» Raw data
((

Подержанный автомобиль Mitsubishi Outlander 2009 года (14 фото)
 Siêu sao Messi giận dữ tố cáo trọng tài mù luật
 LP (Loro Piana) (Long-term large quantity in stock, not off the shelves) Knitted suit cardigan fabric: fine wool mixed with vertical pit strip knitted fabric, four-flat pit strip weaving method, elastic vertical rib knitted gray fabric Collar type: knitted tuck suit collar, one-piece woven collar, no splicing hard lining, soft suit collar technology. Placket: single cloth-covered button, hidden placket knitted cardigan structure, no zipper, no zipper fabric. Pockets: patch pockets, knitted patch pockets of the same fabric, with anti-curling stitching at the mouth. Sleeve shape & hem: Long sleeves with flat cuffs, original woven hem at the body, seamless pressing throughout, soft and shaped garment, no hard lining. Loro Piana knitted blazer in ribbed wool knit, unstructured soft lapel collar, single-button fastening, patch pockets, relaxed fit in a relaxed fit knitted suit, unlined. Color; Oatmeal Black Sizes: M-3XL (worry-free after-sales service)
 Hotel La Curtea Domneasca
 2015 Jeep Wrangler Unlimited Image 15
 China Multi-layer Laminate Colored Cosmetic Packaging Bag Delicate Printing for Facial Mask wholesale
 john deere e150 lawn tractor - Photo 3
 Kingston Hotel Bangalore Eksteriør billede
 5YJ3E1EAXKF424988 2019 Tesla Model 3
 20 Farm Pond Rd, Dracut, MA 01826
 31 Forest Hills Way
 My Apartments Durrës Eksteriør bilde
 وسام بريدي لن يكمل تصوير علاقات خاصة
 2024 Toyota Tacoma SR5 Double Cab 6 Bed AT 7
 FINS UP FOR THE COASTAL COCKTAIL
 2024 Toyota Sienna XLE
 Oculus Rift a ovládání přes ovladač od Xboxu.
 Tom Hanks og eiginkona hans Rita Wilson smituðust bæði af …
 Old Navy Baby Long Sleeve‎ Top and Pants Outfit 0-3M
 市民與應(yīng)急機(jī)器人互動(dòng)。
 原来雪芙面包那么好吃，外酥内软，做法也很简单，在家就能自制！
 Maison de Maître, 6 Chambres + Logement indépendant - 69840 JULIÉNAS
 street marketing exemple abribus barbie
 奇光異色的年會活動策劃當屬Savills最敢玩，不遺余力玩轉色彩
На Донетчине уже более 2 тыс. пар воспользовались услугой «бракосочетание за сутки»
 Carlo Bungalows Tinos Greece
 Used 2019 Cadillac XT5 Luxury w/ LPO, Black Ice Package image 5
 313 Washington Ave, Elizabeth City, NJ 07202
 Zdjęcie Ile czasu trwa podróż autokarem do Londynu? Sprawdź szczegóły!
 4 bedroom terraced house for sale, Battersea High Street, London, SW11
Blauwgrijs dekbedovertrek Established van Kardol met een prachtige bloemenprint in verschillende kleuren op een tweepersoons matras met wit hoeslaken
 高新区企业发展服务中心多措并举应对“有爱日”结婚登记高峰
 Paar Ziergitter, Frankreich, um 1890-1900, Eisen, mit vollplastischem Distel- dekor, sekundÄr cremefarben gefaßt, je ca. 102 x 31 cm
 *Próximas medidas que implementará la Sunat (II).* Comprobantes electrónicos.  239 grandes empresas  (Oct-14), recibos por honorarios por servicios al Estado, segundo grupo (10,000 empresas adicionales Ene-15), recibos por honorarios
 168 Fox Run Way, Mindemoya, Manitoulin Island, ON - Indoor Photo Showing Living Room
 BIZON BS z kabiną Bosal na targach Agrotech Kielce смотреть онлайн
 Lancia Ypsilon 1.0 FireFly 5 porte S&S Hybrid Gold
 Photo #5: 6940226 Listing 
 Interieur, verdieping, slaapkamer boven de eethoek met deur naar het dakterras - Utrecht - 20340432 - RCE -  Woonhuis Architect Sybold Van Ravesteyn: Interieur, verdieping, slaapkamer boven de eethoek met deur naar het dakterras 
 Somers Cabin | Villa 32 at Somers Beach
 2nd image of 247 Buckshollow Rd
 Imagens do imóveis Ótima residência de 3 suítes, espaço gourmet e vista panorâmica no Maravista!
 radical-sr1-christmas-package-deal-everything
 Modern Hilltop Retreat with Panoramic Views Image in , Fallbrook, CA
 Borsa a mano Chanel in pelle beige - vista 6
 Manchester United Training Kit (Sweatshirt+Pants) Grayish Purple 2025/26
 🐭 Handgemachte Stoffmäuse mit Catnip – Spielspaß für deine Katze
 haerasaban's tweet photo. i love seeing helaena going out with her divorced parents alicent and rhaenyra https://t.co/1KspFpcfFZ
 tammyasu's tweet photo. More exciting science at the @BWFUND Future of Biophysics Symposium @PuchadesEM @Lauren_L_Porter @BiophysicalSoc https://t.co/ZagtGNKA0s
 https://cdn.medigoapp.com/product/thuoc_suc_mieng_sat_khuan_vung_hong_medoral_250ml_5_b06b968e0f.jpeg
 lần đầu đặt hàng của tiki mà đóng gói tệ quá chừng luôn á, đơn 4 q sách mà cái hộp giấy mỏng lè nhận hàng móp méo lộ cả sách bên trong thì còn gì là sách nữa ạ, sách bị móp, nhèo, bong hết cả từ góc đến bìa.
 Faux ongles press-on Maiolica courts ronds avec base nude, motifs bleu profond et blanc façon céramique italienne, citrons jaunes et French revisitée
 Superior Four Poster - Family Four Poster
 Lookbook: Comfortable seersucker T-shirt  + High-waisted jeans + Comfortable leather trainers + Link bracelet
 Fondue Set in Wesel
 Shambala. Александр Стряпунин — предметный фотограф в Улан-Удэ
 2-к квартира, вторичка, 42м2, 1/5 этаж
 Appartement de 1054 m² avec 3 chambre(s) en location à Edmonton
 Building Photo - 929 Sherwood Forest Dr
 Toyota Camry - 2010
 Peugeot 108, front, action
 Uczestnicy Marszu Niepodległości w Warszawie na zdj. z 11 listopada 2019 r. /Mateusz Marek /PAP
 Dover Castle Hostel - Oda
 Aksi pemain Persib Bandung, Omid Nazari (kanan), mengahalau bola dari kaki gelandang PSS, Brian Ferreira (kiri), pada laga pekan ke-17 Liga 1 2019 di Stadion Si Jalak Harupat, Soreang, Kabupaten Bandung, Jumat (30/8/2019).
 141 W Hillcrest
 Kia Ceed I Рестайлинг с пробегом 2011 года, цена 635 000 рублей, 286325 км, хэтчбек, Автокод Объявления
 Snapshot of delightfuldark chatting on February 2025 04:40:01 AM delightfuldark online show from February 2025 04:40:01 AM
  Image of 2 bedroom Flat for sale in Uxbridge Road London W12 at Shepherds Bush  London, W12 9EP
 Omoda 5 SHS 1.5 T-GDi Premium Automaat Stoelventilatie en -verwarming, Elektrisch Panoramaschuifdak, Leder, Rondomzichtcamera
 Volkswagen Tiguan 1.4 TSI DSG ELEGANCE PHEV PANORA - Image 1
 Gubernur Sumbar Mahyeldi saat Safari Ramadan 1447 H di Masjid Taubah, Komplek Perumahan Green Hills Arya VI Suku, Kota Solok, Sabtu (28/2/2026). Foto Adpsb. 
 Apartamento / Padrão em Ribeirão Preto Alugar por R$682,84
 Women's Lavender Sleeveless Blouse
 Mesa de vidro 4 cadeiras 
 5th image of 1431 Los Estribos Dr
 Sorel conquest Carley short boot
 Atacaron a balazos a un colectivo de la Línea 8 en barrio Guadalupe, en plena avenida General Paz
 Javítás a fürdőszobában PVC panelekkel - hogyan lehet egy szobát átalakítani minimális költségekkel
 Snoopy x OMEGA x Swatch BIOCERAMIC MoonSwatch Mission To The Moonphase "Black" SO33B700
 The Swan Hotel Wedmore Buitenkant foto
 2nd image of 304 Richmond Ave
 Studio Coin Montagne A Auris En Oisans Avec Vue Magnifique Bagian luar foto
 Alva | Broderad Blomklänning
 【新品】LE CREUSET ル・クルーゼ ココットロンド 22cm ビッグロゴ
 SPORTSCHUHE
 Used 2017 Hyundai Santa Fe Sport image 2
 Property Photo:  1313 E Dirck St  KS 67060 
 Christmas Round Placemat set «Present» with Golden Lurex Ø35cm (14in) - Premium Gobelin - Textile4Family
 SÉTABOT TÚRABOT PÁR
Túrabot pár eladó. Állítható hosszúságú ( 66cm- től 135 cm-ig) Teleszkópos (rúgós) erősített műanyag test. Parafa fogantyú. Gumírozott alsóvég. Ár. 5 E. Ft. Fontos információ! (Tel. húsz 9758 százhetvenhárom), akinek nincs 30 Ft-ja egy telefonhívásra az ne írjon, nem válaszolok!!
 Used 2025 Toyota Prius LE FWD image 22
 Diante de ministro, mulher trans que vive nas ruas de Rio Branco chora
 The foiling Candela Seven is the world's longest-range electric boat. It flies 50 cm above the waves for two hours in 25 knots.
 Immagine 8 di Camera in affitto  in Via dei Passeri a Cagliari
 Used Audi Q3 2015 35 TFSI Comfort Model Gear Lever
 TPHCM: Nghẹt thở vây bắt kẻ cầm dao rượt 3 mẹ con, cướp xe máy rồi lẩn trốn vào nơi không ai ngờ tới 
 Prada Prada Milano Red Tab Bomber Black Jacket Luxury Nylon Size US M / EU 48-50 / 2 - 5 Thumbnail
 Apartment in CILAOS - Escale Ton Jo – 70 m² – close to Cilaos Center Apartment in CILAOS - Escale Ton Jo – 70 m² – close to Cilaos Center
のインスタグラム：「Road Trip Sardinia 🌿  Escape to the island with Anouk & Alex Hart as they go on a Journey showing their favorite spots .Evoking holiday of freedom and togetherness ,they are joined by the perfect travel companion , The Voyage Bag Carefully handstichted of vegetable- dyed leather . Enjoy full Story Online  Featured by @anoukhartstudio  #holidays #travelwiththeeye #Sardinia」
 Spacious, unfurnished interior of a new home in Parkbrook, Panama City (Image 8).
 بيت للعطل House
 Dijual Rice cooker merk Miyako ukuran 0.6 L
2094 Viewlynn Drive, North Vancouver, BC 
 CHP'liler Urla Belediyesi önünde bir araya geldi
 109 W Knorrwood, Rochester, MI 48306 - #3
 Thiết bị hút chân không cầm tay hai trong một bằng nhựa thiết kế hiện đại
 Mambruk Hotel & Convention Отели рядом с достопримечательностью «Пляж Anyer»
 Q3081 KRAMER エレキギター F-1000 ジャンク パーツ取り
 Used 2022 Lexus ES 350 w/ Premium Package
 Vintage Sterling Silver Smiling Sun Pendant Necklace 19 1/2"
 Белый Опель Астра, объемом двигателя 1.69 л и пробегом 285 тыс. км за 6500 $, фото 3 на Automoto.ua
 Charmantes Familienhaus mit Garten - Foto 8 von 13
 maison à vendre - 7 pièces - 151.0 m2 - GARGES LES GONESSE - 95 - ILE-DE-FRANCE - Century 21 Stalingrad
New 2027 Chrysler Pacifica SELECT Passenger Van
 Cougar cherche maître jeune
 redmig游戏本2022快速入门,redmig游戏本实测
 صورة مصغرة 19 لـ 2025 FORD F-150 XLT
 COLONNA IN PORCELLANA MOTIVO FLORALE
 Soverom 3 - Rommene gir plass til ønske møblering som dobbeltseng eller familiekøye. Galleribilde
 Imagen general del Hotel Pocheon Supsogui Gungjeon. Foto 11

))

» Work instructions
Starting at the line above that contains "5th image of 1431 Los Estribos Dr", repeat each line exactly up to and including the line that contains "Diante de ministro, mulher", and stop there.

» Written solution
 5th image of 1431 Los Estribos Dr
 Sorel conquest Carley short boot
 Atacaron a balazos a un colectivo de la Línea 8 en barrio Guadalupe, en plena avenida General Paz
 Javítás a fürdőszobában PVC panelekkel - hogyan lehet egy szobát átalakítani minimális költségekkel
 Snoopy x OMEGA x Swatch BIOCERAMIC MoonSwatch Mission To The Moonphase "Black" SO33B700
 The Swan Hotel Wedmore Buitenkant foto
 2nd image of 304 Richmond Ave
 Studio Coin Montagne A Auris En Oisans Avec Vue Magnifique Bagian luar foto
 Alva | Broderad Blomklänning
 【新品】LE CREUSET ル・クルーゼ ココットロンド 22cm ビッグロゴ
 SPORTSCHUHE
 Used 2017 Hyundai Santa Fe Sport image 2
 Property Photo:  1313 E Dirck St  KS 67060 
 Christmas Round Placemat set «Present» with Golden Lurex Ø35cm (14in) - Premium Gobelin - Textile4Family
 SÉTABOT TÚRABOT PÁR
Túrabot pár eladó. Állítható hosszúságú ( 66cm- től 135 cm-ig) Teleszkópos (rúgós) erősített műanyag test. Parafa fogantyú. Gumírozott alsóvég. Ár. 5 E. Ft. Fontos információ! (Tel. húsz 9758 százhetvenhárom), akinek nincs 30 Ft-ja egy telefonhívásra az ne írjon, nem válaszolok!!
 Used 2025 Toyota Prius LE FWD image 22
 Diante de ministro, mulher trans que vive nas ruas de Rio Branco chora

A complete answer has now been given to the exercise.